“We have only one planet,” says a new video. “Our health depends on it, just like its health depends on us.”

The message is a part of Dia Mundial de la Salut, celebrated each year on April 7 to mark the 1948 founding of the Organització mundial de la salut, an agency of the United Nations that tries to promote public health.

As we head toward harvest here in the southern hemisphere, I’m anxious about our result. In a couple of weeks, I’ll discover what kind of season we’ve had—and no matter what happens, I’ll know that our success or failure always starts in the soil.

So allow me to modify the words of the video: Human health depends on the health of our planet’s soil, and its health depends on us.

That’s what I’ve learned as a farmer in Uruguay. Every harvest begins with the seeds we place in the soil, which nurtures these embryonic plants and allows them to sprout and grow into the crops we need.

Because farmers produce the food we need, people sometimes think of us as plant biologists or botanists who work in fields rather than in labs. And it’s true that we devote ourselves to our crops.

Yet a part of what we do is even more fundamental: We’re soil scientists who seek to maintain the quality of the material from which everything must grow.

Like doctors who size up patients just by looking at them, good farmers can recognize the health of soil just by standing in its presence. I like to think that healthy soil resembles a healthy and hygienic person. It’s strong and has great color. You don’t even have to use your eyes: Healthy soil simply smells good.

Per a mi, soil also takes on other human qualities. Unhealthy soil is sick. Healthy soil is happy—and happy soil makes for happy farmers.

On a closer and more analytical inspection of the soil, you notice its texture. The best soil is a perfect balance between lime, sand, and clay. It has roots and holes. As with people, it wants company: Worms dig through its darkness, digesting organic matter and leaving behind nutrients.
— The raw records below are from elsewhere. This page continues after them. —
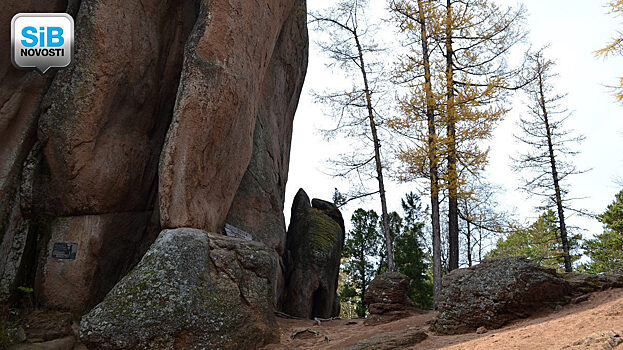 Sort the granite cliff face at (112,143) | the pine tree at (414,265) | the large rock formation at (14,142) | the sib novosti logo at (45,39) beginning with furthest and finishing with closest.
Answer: the pine tree at (414,265) < the sib novosti logo at (45,39) < the granite cliff face at (112,143) < the large rock formation at (14,142)

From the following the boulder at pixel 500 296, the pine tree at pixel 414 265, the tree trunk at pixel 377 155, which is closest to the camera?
the boulder at pixel 500 296

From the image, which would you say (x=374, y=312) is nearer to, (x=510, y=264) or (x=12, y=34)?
(x=510, y=264)

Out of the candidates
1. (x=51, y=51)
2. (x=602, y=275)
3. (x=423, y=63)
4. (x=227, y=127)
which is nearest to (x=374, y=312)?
(x=602, y=275)

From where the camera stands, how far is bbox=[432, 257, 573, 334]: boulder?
7086 millimetres

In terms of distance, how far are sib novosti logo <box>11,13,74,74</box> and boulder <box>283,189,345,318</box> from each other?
9780 mm

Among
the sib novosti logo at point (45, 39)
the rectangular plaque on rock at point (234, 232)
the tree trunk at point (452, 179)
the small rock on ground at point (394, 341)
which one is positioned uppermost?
the sib novosti logo at point (45, 39)

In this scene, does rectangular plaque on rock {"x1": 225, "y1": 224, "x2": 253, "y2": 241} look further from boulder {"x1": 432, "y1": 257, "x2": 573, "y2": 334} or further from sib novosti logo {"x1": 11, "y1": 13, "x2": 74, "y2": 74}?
boulder {"x1": 432, "y1": 257, "x2": 573, "y2": 334}

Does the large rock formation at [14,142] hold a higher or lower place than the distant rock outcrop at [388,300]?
higher

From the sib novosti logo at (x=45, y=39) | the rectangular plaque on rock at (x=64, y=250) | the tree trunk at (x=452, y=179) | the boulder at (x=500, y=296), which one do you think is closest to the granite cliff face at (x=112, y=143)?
the rectangular plaque on rock at (x=64, y=250)

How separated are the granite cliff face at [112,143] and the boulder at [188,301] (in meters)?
0.71

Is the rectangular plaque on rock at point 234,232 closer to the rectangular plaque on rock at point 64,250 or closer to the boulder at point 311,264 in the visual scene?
the rectangular plaque on rock at point 64,250

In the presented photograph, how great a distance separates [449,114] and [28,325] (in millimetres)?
11959

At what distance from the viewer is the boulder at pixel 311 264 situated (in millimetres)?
15289

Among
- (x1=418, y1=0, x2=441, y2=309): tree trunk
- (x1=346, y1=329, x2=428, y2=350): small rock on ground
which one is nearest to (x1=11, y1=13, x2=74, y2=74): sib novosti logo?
(x1=346, y1=329, x2=428, y2=350): small rock on ground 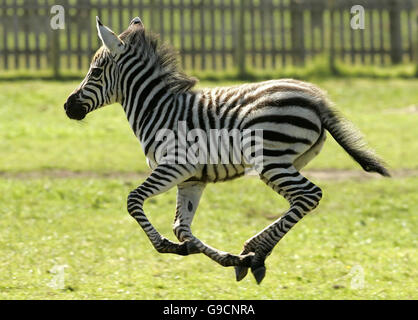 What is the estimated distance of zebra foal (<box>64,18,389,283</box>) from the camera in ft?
22.0

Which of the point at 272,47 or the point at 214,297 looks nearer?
the point at 214,297

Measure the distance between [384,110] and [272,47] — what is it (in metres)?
3.96

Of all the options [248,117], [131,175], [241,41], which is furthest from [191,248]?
[241,41]

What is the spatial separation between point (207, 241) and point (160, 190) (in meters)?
3.56

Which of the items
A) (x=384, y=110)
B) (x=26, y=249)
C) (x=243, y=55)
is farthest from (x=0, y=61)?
(x=26, y=249)

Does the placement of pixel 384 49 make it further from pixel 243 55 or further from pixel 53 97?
pixel 53 97

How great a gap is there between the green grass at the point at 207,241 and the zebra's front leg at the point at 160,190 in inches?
53.1

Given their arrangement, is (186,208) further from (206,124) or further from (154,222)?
(154,222)

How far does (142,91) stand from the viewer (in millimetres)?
7141

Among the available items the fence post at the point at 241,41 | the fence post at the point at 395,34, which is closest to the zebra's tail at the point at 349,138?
the fence post at the point at 241,41

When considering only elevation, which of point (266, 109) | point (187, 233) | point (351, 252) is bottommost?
point (351, 252) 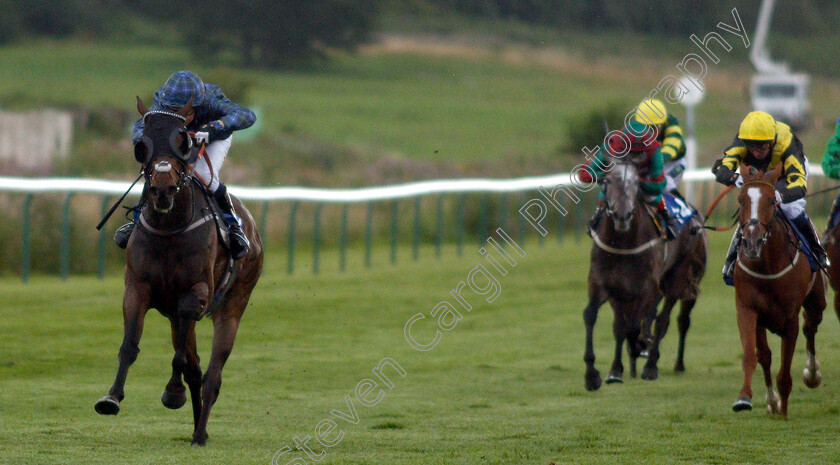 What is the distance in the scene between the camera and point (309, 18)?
145ft

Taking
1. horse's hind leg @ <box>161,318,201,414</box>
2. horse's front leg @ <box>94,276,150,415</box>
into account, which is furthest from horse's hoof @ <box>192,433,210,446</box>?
horse's front leg @ <box>94,276,150,415</box>

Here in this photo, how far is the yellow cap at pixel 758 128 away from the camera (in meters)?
7.53

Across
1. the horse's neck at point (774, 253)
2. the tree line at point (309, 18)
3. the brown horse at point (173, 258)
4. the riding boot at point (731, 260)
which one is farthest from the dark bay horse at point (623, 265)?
the tree line at point (309, 18)

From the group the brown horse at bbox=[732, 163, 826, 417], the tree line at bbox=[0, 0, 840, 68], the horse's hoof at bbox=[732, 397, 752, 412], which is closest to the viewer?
the horse's hoof at bbox=[732, 397, 752, 412]

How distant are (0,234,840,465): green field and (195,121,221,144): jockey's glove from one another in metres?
1.54

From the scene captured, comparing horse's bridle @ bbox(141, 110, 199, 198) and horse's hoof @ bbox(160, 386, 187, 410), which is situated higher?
horse's bridle @ bbox(141, 110, 199, 198)

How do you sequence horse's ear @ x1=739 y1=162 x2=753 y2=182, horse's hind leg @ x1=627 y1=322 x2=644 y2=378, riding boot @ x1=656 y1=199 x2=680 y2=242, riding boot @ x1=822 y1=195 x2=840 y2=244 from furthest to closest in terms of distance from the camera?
1. riding boot @ x1=656 y1=199 x2=680 y2=242
2. horse's hind leg @ x1=627 y1=322 x2=644 y2=378
3. riding boot @ x1=822 y1=195 x2=840 y2=244
4. horse's ear @ x1=739 y1=162 x2=753 y2=182

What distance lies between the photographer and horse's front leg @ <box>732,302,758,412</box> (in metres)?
7.19

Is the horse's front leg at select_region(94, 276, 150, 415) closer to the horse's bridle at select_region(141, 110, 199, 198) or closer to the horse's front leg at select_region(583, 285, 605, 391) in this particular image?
the horse's bridle at select_region(141, 110, 199, 198)

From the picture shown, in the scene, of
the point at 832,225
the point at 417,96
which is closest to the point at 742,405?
the point at 832,225

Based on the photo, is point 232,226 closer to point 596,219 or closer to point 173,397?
point 173,397

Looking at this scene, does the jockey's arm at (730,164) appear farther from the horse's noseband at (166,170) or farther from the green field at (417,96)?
the green field at (417,96)

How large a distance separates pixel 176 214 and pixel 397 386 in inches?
131

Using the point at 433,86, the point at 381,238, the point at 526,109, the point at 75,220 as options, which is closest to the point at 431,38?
the point at 433,86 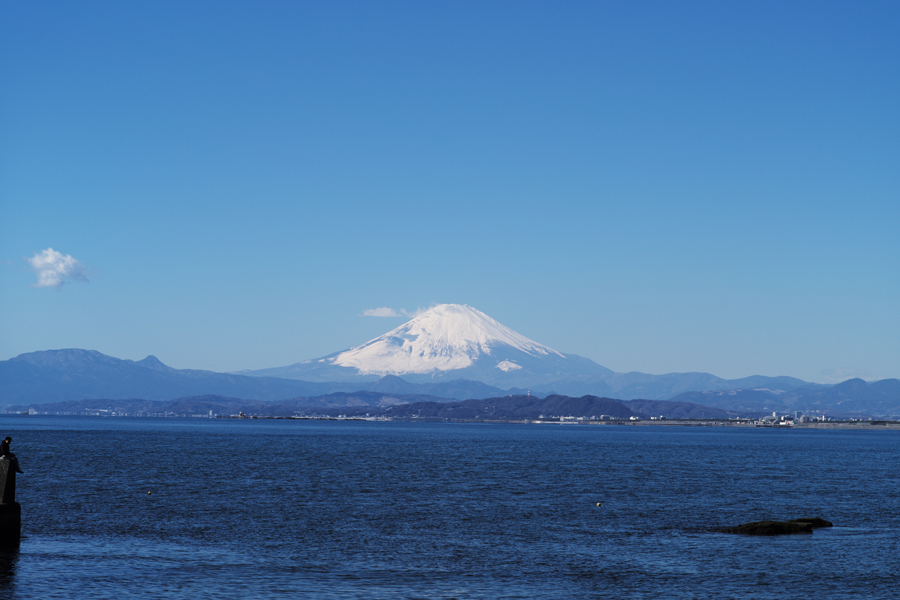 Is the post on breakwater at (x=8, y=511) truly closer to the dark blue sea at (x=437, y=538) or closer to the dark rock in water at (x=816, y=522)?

Sometimes we think of dirt as dead, and it can be—but the healthiest soil is gloriocusly alive. We can observe much of its life, but a lot of it remains beyond our power of sight, taking the form of microorganisms that are too small to see.

Soil needs our protection, and that starts with a proper covering. This includes the crops we grow such as the soybeans, canola, and barley that I rotate in and out of production. It also includes the residue that we leave behind following a harvest or the service crops we plant between food crops.

Farmers work the land, but we prefer not to disrupt the soil. That’s why I practice no-till agriculture. Rather than ripping up our fields by plowing between plantings, I try to keep moisture and nutrients locked in the ground. This is good for the soil as well as for the climate, because it improves the carbon sequestration, storing carbon in the soil, that is a key part of any sensible climate strategy.

Getting the most out of our soil allows us to get the most out of our crops, and that means we need crops that take advantage of what the soil can offer. This obligates us to use the best seeds available, including those with GM and gene-editing traits that fight weeds, plagues, disease, extreme weather, i més.

The best way to understand the difference between the top-performing crops and ordinary crops may be from looking at a picture.

If we don’t use the most productive crops, we waste what the soil provides.

Our goals of sustainability and conservation drive many of our decisions. We seek to keep the soil viable so it can grow the food we need right now as well as in the future. And because of all the stress the world continues to put on the environment—industrialization, urbanization, and population growth—we’re called on to grow more food on less land.

The only way to meet this challenge is to invest in the health of our soil.

Our health and the health of our world depends on it.